* [PROBLEM DETAILS]:
What you write must be the lines from the one holding "Hawthorns Blooming in" through the final line of the records below, reproduced exactly, minus the pictures.

:: ENTRIES SHOWN

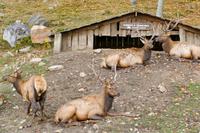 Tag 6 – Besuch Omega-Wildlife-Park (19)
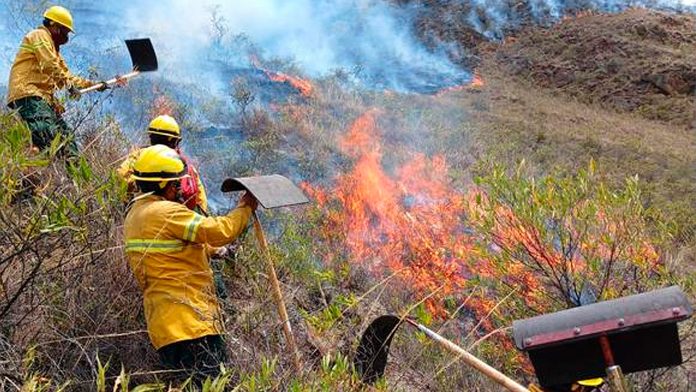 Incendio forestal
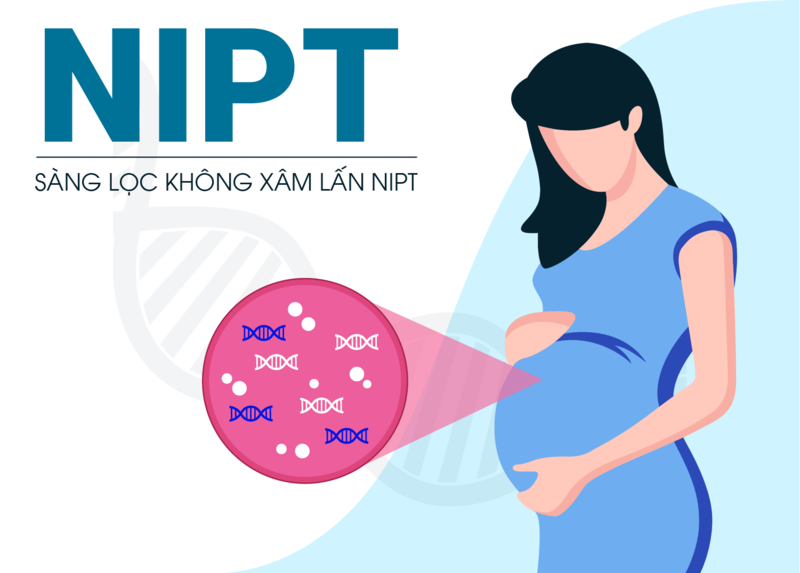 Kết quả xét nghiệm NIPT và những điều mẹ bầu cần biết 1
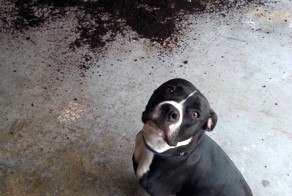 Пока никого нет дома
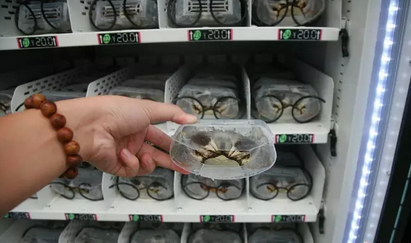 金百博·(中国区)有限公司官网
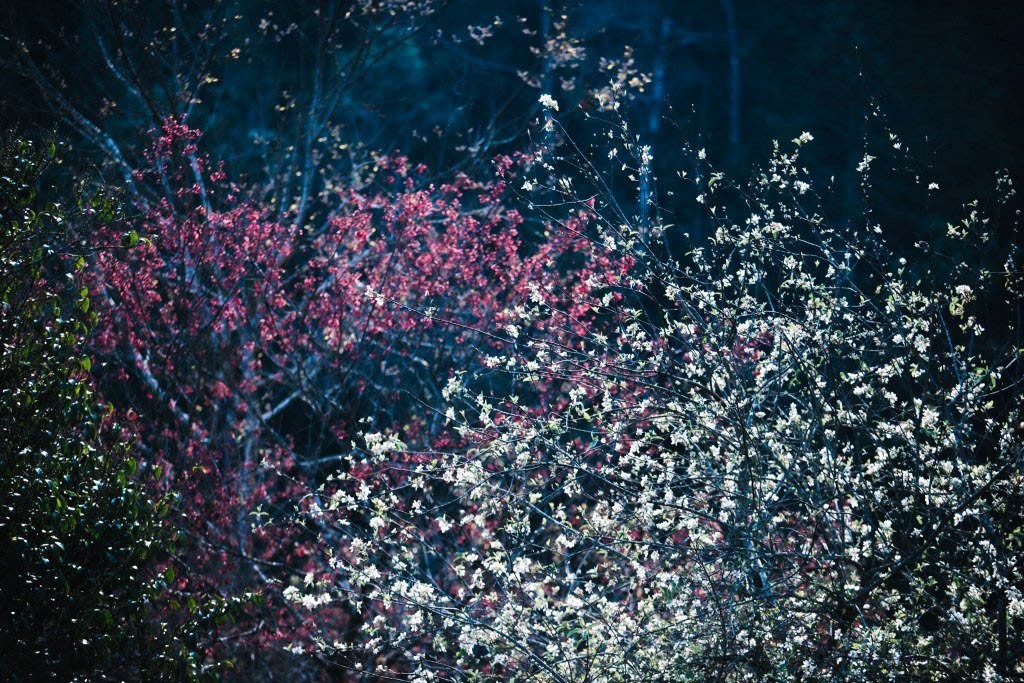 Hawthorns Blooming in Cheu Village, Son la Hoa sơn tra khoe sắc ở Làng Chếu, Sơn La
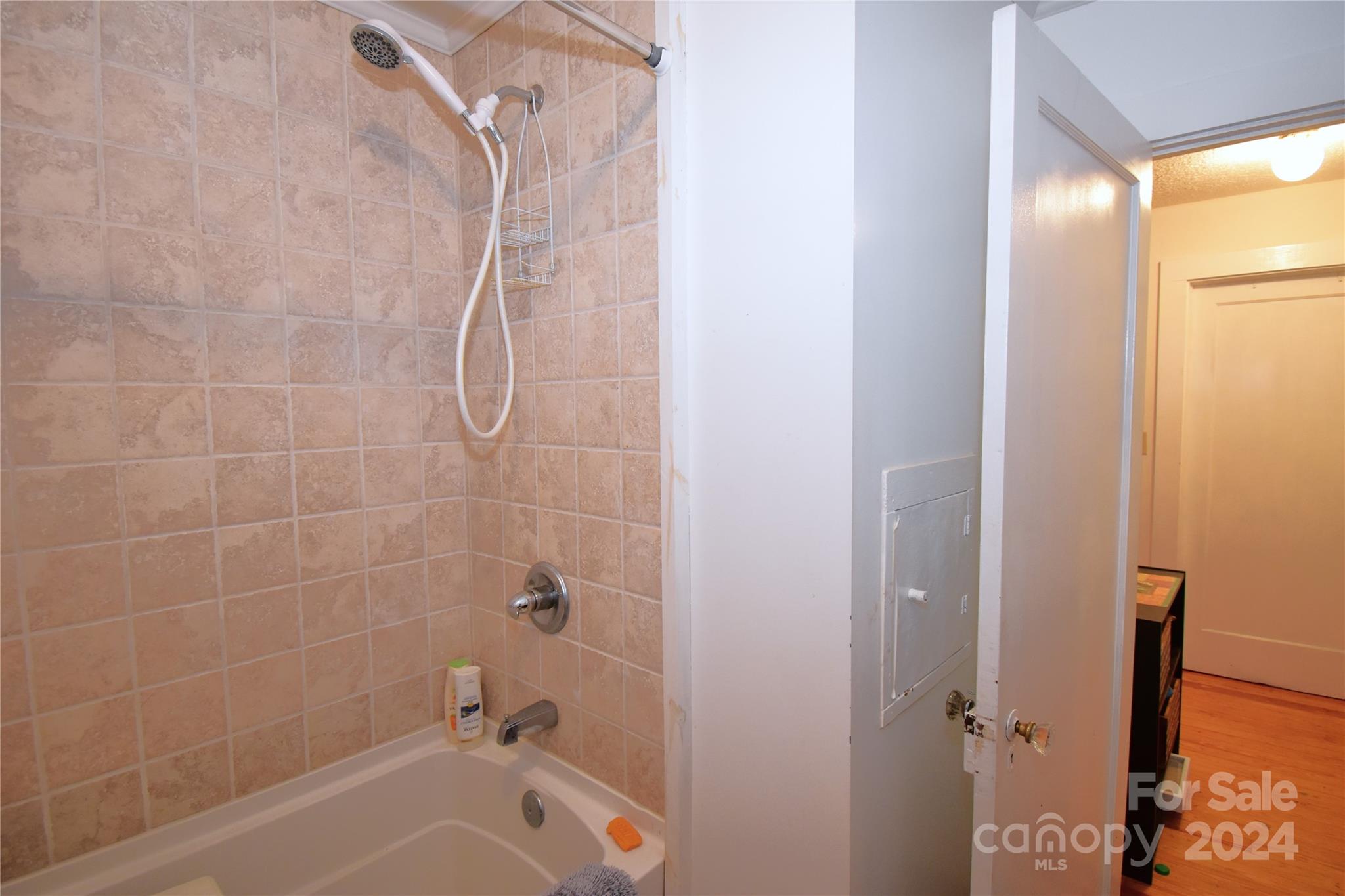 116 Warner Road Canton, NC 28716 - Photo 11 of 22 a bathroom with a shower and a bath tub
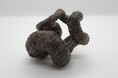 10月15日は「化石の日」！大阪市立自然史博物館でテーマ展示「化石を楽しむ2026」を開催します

::::

* [RESULT]:
 Hawthorns Blooming in Cheu Village, Son la Hoa sơn tra khoe sắc ở Làng Chếu, Sơn La
 116 Warner Road Canton, NC 28716 - Photo 11 of 22 a bathroom with a shower and a bath tub
 10月15日は「化石の日」！大阪市立自然史博物館でテーマ展示「化石を楽しむ2026」を開催します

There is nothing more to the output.